Ok I was laying in my bed, not feeling too well when and idea popped into my head. Here goes nothing...

So you want some crystal clear headlights, but the only place you can find them is at mossyperformance.com and they go for 175 each... so 350 for the pair... thats a lot of money.

So my idea is this... go to E-Bay and find yourself some halo projector headlights. they go for 130 bucks (approx). After purchasing these, put them and your stocks in the oven... peel off the covers and put the clear lens from the halo's onto your stockers. 

This should work, I believe they are the same size... seems the same to me.
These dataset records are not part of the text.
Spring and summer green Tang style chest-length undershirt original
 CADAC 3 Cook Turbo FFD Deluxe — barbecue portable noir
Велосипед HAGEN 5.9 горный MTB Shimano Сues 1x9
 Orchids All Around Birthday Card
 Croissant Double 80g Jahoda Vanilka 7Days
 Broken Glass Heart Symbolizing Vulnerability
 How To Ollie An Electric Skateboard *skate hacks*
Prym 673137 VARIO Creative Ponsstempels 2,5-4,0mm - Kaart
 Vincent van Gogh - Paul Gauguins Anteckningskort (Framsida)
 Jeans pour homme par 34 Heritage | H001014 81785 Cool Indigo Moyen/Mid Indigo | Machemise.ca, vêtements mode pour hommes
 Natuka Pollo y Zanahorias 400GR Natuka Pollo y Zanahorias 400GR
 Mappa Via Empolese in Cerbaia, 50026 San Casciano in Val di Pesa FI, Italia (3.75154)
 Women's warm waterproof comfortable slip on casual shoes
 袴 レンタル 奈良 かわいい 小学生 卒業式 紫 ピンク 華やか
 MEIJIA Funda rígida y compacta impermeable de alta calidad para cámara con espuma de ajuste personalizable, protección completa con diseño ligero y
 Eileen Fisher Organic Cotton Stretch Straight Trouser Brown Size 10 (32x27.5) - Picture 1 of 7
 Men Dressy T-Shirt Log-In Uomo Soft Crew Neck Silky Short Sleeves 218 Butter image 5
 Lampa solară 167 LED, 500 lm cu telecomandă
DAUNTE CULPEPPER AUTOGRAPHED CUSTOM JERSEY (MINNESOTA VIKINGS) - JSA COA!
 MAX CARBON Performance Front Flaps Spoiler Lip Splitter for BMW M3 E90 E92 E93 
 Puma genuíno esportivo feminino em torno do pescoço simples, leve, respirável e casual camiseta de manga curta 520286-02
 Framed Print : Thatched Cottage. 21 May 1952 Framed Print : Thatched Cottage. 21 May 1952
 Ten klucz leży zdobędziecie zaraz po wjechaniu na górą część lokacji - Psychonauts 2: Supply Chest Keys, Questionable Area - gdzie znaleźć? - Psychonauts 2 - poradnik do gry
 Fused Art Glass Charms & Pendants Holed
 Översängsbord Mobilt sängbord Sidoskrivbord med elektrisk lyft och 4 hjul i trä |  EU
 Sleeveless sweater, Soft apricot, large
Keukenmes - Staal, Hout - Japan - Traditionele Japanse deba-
Then you can put the stock lens on your halo's and sell those bad boys for like 50 bucks to an un-knowing fool like samo.


----------



## samo (Apr 30, 2002)

DryBoy said:


> *un-knowing fool like samo. *


You bastard! I'll kick your ass!

Seriously though... I think this idea has been mentioned before, and I wonder why no one has tried it.


----------



## krylonkoopaa (Sep 13, 2002)

Then you can put the stock lens on your halo's and sell those bad boys for like 50 bucks to an un-knowing fool like samo.
^^^^^^^^^^^^^^^^^^^^^^^
rofl


----------



## holy200sx (Jan 8, 2003)

acutallly.. i already tryed that.. they are about 1/2" too big.. on length wise.. but, if you are inventive.. you can cut off that excess... lol, sorry dude


----------



## OmegaManEX (Oct 4, 2002)

DryBoy said:


> *Ok I was laying in my bed, not feeling too well when and idea popped into my head. Here goes nothing.....
> 
> .....This should work, I believe they are the same size... seems the same to me. Then you can put the stock lens on your halo's and sell those bad boys for like 50 bucks to an un-knowing fool like samo. *


hmm thinking of samo while in bed huh. J/k. 
...everybody's been thinking of Samo lately...i think he has reached legendary status.


----------



## samo (Apr 30, 2002)

*Re: Re: Caution : Innovative Genuis...*



OmegaManEX said:


> *hmm thinking of samo while in bed huh. J/k.
> ...everybody's been thinking of Samo lately...i think he has reached legendary status.
> 
> *


Dammit DryBoy, you're not who I want thinking of me while in bed... arrgghh.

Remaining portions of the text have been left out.